How ‘Income from other sources’ is taxed

The Income Tax Act has five heads of income, of which ‘Income from other sources’ (IFoS) is one. It can be treated as residual head of income as it includes such income which is outside the purview of other heads of income. IFOS includes dividends, interest income, royalty income, etc. from companies. Therefore, it is pertinent to look at the taxability on some of these incomes.

Any gift received by an employee from the employer is taxable under the head ‘Income from salary’, whereas any profit/gift/perquisite arising out of business or profession is taxable under the head ‘Profits and gains of business or profession’. Apart from these, any gift/property acquired by the taxpayer is taxable under IFoS. If a taxpayer has received any monetary gift without consideration and the aggregate fair market value (FMV) exceeds 50,000, then the entire amount is taxable as other sources. If the taxpayer has received monetary gift with insufficient consideration and if the total FMV exceeds 50,000, then the difference between the FMV and the actual return is to be declared.

In the case of immovable property, if it is received without consideration and the stamp duty value exceeds 50,000, the stamp duty value of such property shall be chargeable to tax at other sources, whereas if such property is received for a consideration which is less than the amount exceeding the stamp duty value of the property 50,000, the stamp duty value of such property which exceeds the actual consideration, will be taxable.

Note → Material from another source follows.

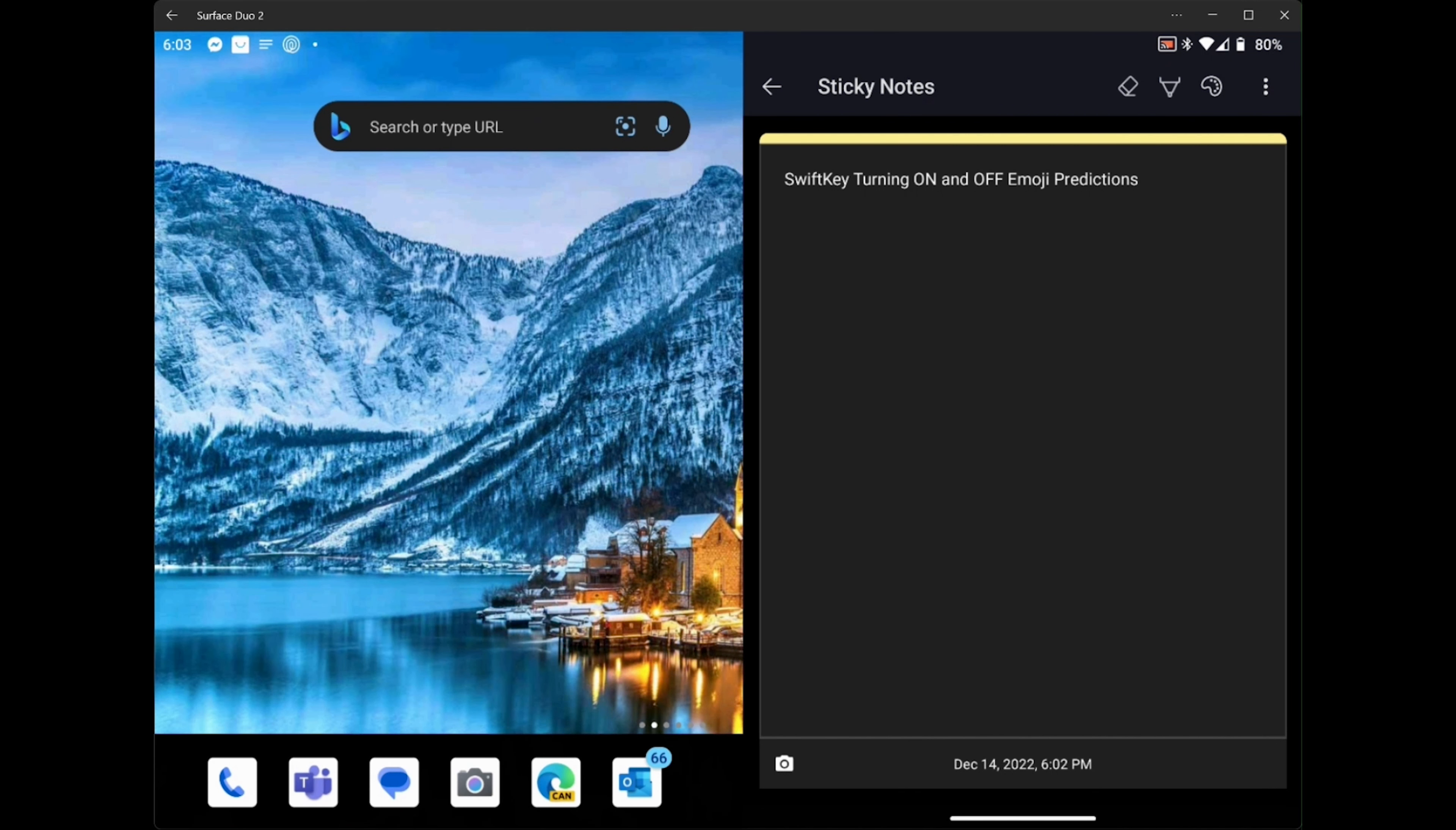What we're going to do here is show you how to work with emojis. There are two things with emojis. There's just bringing up emojis from the keyboard, and there's also emoji prediction.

If such monetary gift or property is received from a relative (spouse, brother, sister or brother of the spouse, and sister of the parent of the recipient, etc.), or under any bequest or inheritance, So there will be no tax. Thoughts of death

Another popular source of income under IFoS is dividends. ‘Dividends’ means broad coverage and includes the distribution of assets to shareholders at the time of liquidation as well as any distributions due to a reduction in the share capital of the Company. Since the liability to pay tax on dividend received is on the taxpayer, the taxpayer has to declare this income under the head ‘Income from other sources’ and pay tax on it as per slab rate. In the case of Keyman insurance policy by a company for its key employees, if the amount is received by the insured, who is the key employee and is not the company, then such amount received on the maturity of the Keyman insurance policy shall be taxable under the head ‘ Income from other sources’. The taxability of interest income varies depending on the nature of the income. For example, savings bank account interest is taxable only in excess of 10,000, while interest on Public Provident Fund (PPF) is exempt and interest earned on employee’s contribution to PF account will be taxed if it exceeds 2.5 lakh in a financial year and interest earned on post office savings bank account is exempt to the extent 3,500 in case of personal account and 7,000 in case of joint account.

Any lump-sum income such as winnings from lotteries, crossword puzzles, horse racing, card games or betting of any kind is considered IFOS and taxable. Taxpayers can also claim certain other deductions under IFoS. For example, in the case of family pension, one-third of such income shall be deducted or 15,000, whichever is less, is allowed. The term ‘family pension’ means the regular monthly amount payable by the employer to a person belonging to the family of the employee in the event of death of the employee.

Taxpayer has to fill the details of IFO under Schedule OS such as gross interest income, dividend, if the amount received by way of gift exceeds 50,000, etc.

The IT Act allows set-off of capital assets and losses from business against other income in a particular year. Income under the head IFoS cannot be used to set off losses under the head ‘Capital Gains’. Income from winnings from lotteries, crossword puzzles, races (including horse racing) and any other sport or gambling of any kind or nature may also not be set off.

Amit Maheshwari is Tax Partner, AKM Global, a tax and consulting firm. Yeshu Sehgal, Head of Tax Markets, AKM Global, contributed to this article.